Today’s youths need guidance, education, and a skill. Especially in today’s job market. Good thing there are programs like the Hot Rodders of Tomorrow. To make things more interesting, there are annual competitions where students from tech schools team up against others to compete in engine building. Recently, Team MORSO qualified for the finals for 2013.

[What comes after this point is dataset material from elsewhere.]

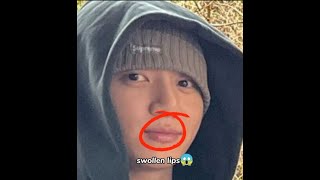 WHY TAEKOOKS LIPS WERE SWOLLEN👀💋 taehyung jungkook bts army fyp trending taekook [upl. by Elodia]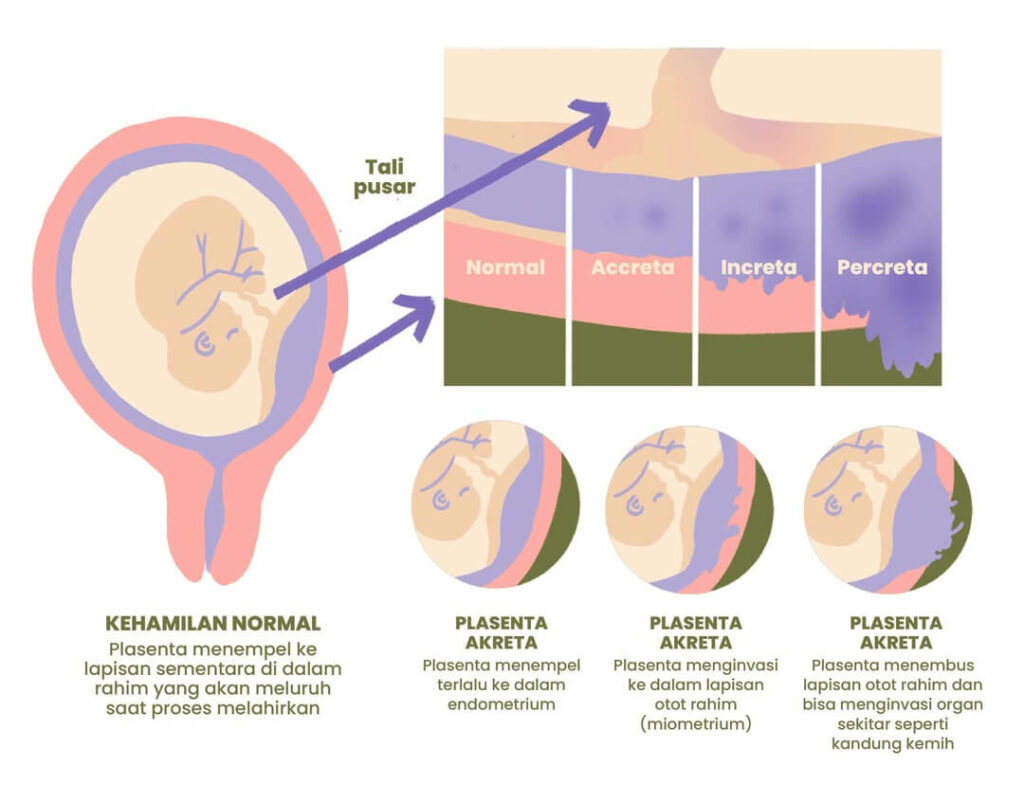 klasifikasi-plasenta-previa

Team Moroso Joins the 14 Teams Already Qualified for Hot Rodders of Tomorrow Engine Challenge Finals
Hot Rodders of Tomorrow is a nonprofit organization built upon a passion for motorsports and dedicated to instilling that passion in today’s youth. Its main purpose is to encourage youth to enter the automotive field and the main medium through which this is accomplished is their coveted Engine Challenge Program. In the Engine Challenges, contested across the country, high school teams compete against the clock in a total engine rebuild. At the end of the year, in conjunction with the Performance Racing Industry Trade Show, Hot Rodders of Tomorrow hosts the Engine Challenge Finals. To qualify for this prestigious event, teams must complete a total engine rebuild in less than 35 minutes. Already in 2013, 14 teams have qualified for the Finals.
At the recent Painless Performance Open, held April 6th in Fort Worth, Tx. six teams competed for a coveted spot in the finals. Team Moroso of Eastern Oklahoma County Tech Center came in at an incredible time of 20:11 to qualify for the Engine Challenge Finals as the fastest qualifying team of the season.
The winning team, led by instructor Jim LaFevers consisted of students Callie Hunter, Nic Brown, Connor Hixenbaugh, Ryan Jackson, Alex Versteeg and Connor Carrizales.
“This is a great opportunity for the students to get a jumpstart in their careers in the automotive field,” LaFevers said of the Engine Challenge. “They are all gearheads. They look for every avenue to get into the industry and Hot Rodders of Tomorrow has given them the opportunity they were looking for.”
LaFevers said the team utilized film, understudy training and a total-engine approach to prepare for the Challenge.
“We do intense training for three or four weeks,” he explained. “It’s all about teamwork and communication. While each student trains for their position, all of them understand the way the complete engine works, so that if anyone needed to jump into another position they are ready.
“The Hot Rodders of Tomorrow Engine Challenge is a great program for building enrollment and getting students excited about a career in the automotive industry. Already I have kids signing up for Automotive next year simply for the opportunity to compete in the Challenge.”
Rodney Bingham, who heads up the Hot Rodders Program is thankful for its success in investing in students and furthering the automotive industry. “We are excited to be able to change so many students’ lives,” he stated, “but could not do so without the help of our sponsors and volunteers who make this program possible”.